Friday, March 30, 2007
The Wire
The Wire has received so much good press. We are only at disc 1 of season 1. I'm not sure we'll stick through the whole run — the well-done series has an off-putting feel to it. Exactly what makes that so I'm not sure — an unease about the underlying assumptions perhaps. It is well directed, the writing snappy. The performances have a feel of reality to them. So what is not to like?
The creator of the series, David Simon, said that he wanted to show two institutions — the world of the inner city and the world of the police — and how they parallel one another and affect individuals. This is moral equivalence by another name. The ponderous parallels between the two worlds is fake and feels forced.

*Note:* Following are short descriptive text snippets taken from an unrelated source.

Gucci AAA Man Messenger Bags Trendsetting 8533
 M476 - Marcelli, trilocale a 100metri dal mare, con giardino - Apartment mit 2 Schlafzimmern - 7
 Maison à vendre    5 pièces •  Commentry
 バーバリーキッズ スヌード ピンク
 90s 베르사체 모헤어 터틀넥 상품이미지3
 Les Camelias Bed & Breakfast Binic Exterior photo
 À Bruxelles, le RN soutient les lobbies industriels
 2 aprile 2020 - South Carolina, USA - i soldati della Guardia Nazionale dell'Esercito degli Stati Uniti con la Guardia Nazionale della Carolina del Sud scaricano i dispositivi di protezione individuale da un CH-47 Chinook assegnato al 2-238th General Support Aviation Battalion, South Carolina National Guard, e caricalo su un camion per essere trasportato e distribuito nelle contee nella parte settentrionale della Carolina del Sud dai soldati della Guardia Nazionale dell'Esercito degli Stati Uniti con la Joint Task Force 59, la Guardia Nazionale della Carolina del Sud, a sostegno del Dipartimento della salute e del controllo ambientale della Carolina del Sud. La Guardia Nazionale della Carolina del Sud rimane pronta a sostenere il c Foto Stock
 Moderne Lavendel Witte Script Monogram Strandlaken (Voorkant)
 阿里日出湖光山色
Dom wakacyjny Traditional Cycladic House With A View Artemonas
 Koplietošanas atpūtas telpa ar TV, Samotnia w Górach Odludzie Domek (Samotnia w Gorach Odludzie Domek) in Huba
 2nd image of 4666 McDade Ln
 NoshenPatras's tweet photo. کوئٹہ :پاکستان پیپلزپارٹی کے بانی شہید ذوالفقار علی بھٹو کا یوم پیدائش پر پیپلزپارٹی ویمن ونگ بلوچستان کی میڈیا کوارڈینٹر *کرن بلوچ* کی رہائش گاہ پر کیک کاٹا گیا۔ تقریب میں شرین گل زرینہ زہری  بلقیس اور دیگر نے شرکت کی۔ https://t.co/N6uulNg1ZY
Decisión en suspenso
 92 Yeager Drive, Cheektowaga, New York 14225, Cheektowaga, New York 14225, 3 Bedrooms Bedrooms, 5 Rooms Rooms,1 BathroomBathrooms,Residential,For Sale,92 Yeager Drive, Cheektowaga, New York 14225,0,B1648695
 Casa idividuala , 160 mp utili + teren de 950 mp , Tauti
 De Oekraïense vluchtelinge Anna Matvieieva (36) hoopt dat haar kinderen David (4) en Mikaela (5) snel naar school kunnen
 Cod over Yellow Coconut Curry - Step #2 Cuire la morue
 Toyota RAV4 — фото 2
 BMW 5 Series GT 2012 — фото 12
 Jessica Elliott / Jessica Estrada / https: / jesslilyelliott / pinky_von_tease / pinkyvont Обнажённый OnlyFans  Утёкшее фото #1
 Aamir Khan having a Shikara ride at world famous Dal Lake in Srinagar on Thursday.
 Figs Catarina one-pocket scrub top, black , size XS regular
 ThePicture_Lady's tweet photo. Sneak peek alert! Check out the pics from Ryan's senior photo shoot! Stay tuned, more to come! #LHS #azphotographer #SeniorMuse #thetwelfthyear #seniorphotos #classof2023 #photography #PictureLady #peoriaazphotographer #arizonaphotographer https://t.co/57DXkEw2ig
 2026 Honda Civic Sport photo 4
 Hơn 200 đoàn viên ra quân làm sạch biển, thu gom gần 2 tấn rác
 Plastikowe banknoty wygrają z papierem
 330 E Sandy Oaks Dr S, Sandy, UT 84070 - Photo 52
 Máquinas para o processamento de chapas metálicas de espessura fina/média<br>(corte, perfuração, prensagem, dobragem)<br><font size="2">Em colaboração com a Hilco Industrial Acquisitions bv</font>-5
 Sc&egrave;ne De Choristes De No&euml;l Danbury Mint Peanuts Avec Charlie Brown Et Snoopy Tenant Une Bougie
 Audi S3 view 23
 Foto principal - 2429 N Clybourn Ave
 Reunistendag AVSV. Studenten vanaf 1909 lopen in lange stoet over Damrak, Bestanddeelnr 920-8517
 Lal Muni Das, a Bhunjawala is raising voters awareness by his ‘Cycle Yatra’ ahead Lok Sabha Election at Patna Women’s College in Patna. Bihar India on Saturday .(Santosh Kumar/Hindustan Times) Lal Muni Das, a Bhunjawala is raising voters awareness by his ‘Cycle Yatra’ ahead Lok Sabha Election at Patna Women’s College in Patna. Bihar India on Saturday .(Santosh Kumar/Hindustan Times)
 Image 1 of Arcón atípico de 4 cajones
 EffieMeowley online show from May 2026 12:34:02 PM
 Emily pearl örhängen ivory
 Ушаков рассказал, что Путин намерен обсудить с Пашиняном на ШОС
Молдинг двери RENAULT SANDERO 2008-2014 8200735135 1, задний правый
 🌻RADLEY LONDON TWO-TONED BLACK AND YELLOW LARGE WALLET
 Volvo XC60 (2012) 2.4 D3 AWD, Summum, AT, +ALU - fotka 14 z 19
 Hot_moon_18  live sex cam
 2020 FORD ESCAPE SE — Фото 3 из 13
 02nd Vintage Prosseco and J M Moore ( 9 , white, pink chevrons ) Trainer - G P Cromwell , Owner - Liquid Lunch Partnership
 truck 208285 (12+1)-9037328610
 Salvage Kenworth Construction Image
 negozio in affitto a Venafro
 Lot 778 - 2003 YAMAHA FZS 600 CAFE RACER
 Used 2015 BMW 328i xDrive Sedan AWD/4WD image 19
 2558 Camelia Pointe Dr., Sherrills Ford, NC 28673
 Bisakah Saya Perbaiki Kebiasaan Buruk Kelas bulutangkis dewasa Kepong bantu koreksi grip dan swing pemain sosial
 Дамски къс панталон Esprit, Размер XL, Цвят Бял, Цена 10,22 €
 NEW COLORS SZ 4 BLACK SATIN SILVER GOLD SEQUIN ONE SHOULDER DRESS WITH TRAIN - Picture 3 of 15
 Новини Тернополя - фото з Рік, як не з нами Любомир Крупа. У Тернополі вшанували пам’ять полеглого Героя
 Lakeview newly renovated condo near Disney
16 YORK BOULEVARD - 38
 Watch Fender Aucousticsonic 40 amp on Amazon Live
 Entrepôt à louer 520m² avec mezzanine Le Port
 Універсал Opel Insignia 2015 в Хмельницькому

In this interview, after season 3, Simon talks about the inner city, about American life — and on the DVD commentary managed to pull in Melville.
Simon may have convinced himself that these large issues are a conceptual underpinning to his show, but in reality The Wire hasn't thus far even come close to that depth or suggestiveness. Simon even managed to mention Iraq. Maybe as the series plays out it will pay the bill — his grand literary ambition fulfilled. At present The Wire is a better than average TV show.
At one point Simon, speaking of an actress who plays a performer in a strip club, said, “She graduated Harvard. So much for audience expectations.” But Simon himself has some expectations about the audience in that assertion — some of his own stereotypes.